Bien qu'il ait reçu le Grand Prix de l'Académie française, ce roman paru en 2020 n'est rien d'autre qu'une réécriture de l'attentat terroriste qui en juillet 2016 s'est soldé par l'assassinat d'un prêtre, le père Hamel, à Saint-Étienne du Rouvray.
Naturellement les personnages sont modifiés. Les deux terroristes du roman, Hicham et Daoud, se sont rencontrés sur le Darknet au moyen de réseaux voués à l'islamisme radical. Le premier, venu de banlieue parisienne, est issu d'une famille d'origine algérienne : c'est un mauvais sujet qui contraste avec ses sœurs qui réussissent leurs études ; il s'est mis en tête que son père était un moins que rien humilié par des emplois modestes. Le second est un fils de la bourgeoisie d'une ville du midi. Il a été adopté sous le prénom de David et à l'adolescence s'est fait charrié par ses pairs comme étant arabe et musulman. De là, un copain du rugby l'amène à la mosquée et, après avoir rompu avec une femme dont il était le gigolo, il se laisse entraîner dans le djihad terroriste par pur esprit de révolte contre la société bourgeoise, satisfaite et occidentale ; symboliquement il décide de se faire appeler Daoud. Un autre personnage a voulu rompre avec la société capitaliste c'est Agnès mais elle est devenue nonne au service des plus démunis, en Afrique, avant de revenir dans sa région natale.
La victime c'est Georges Tellier, un prêtre desservant l'une des paroisses de Brandes, la ville imaginaire où le drame se déroule. Il a découvert la foi et est devenu prêtre après avoir servi en Algérie dans les SAS. Arrivé à la cinquantaine, une de ses paroissiennes, l'animatrice enjouée de la chorale, était sur le point de le faire douter de sa vocation, mais il s'est repris et désormais en plus de sa paroisse il officie auprès des grands malades. Il représente le christianisme dans une France de moins en moins pratiquante, comme le lui fait remarquer le maire, lui même communiste en mal de militants et d'électeurs. C'est à se demander si l'islam ne concurrencerait pas avec succès ces deux églises installées dans la tradition française. Mais l'extrémisme d'Hicham et de Daoud vise à poignarder sauvagement des innocents et ça n'a pas grand chose à voir avec une vraie pratique religieuse. Aux personnages qu'on vient d'évoquer il convient d'ajouter le policier, Frédéric Nguyen, appelé à intervenir sur le lieu du drame, et qui, comme le père Tellier représente un exemple de rectitude professionnelle, au service de la République. Bref, tous voulaient donner un sens à leur vie...

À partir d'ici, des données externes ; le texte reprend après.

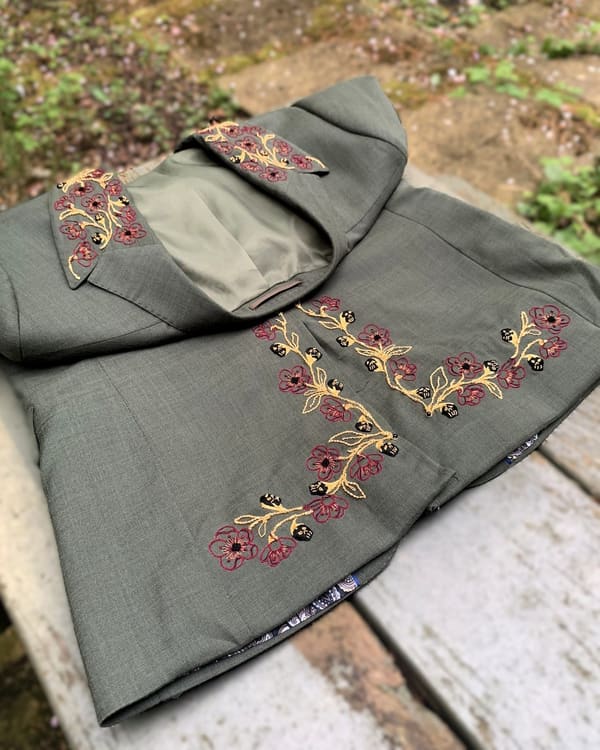 Jacob Embroidered Jacket 65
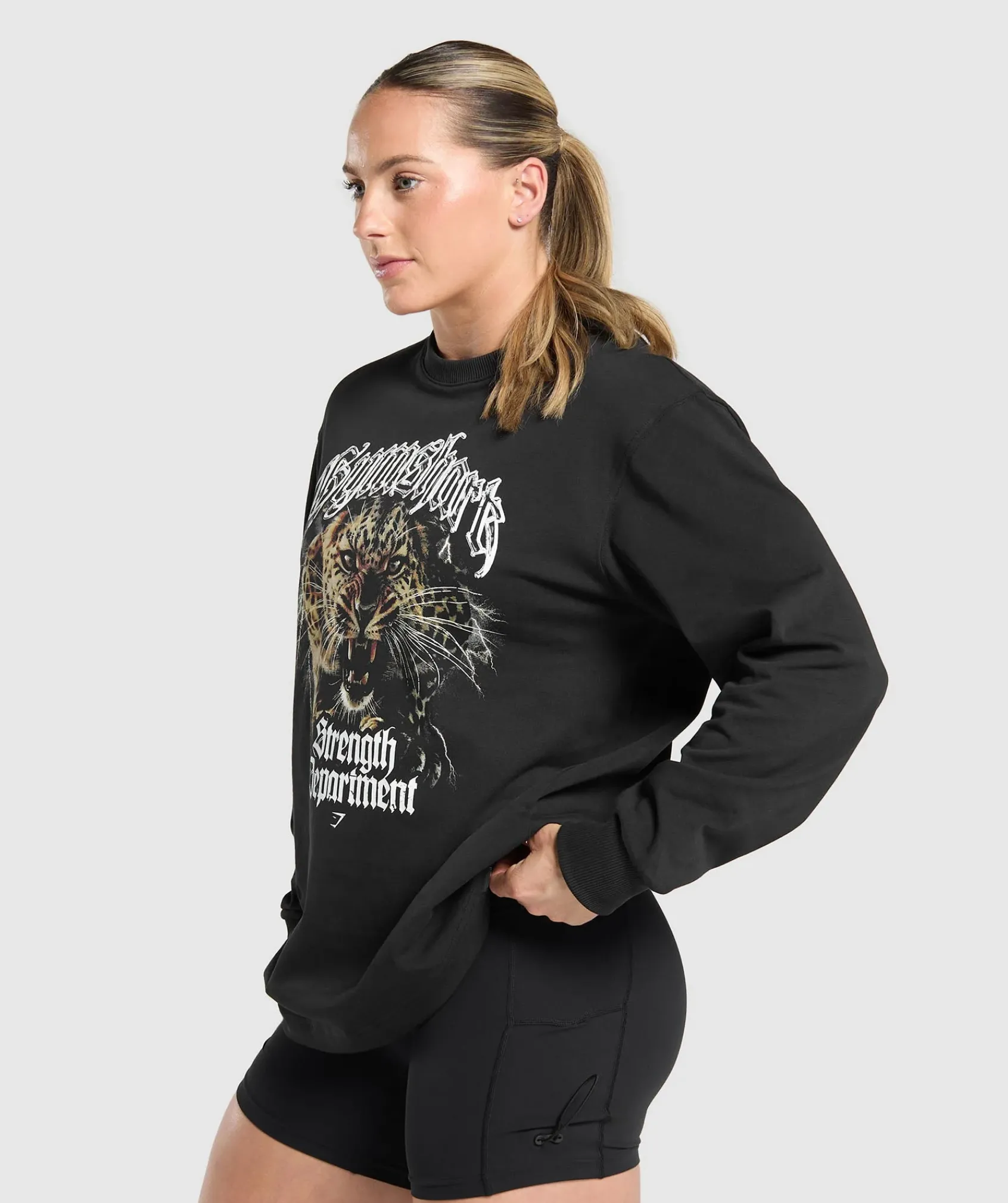 DAMES Gymshark T-shirts*Strength Department Animal Long Sleeve T-Shirt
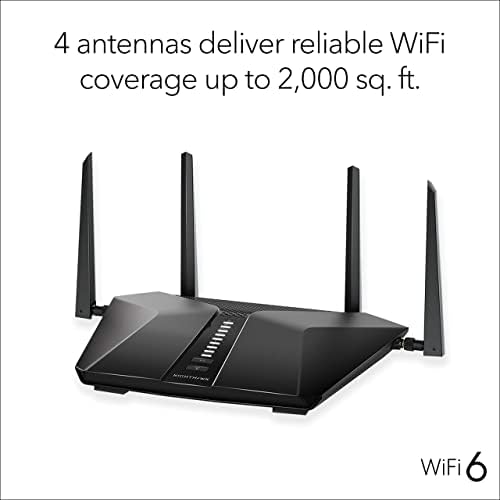 Netgear NETGEAR RAX50-100NAR Nighthawk 6-Stream AX5400 WiFi 6 Router, Black (Renewed)
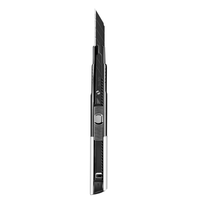 Couteau utilitaire rétractable ZHENGYE ZY-300, lame en acier à haute teneur en carbone de 9 mm, pointe acérée à 60 degrés, léger et fin, pour la découpe artistique de poche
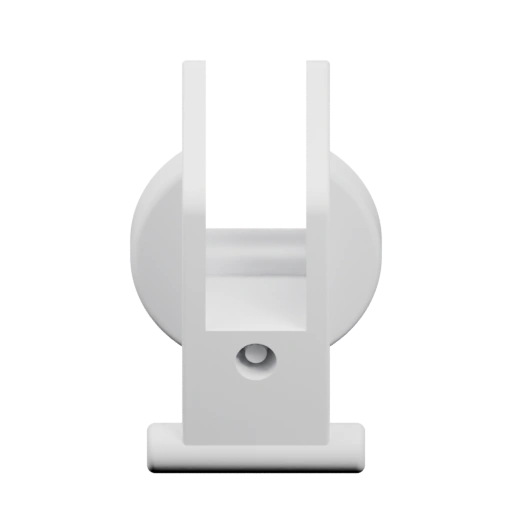 Имеет две вертикальные планки и круглое основание с отверстием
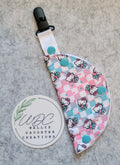 clip on port cover in Kitty theme print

L'écriture d’Étienne de Montéty n'a rien de révolutionnaire. Il a choisi la simplicité et l'efficacité, proches d'un journalisme grand public. Les chapitres passent simplement, d'un personnage à un autre, avec une contextualisation correcte de l'époque de l'affaire, à preuve l'agitation médiatique à propos du burkini d'autant que Brandes est au bord de la mer et que c'est l'été. Bref c'est un honnête marqueur de l'époque, et de ses interrogations idéologiques, plus qu'un titre marquant de la littérature française du début du XXIe siècle.
• Étienne de Montéty : La grand épreuve. - Stock, 2020, 299 pages.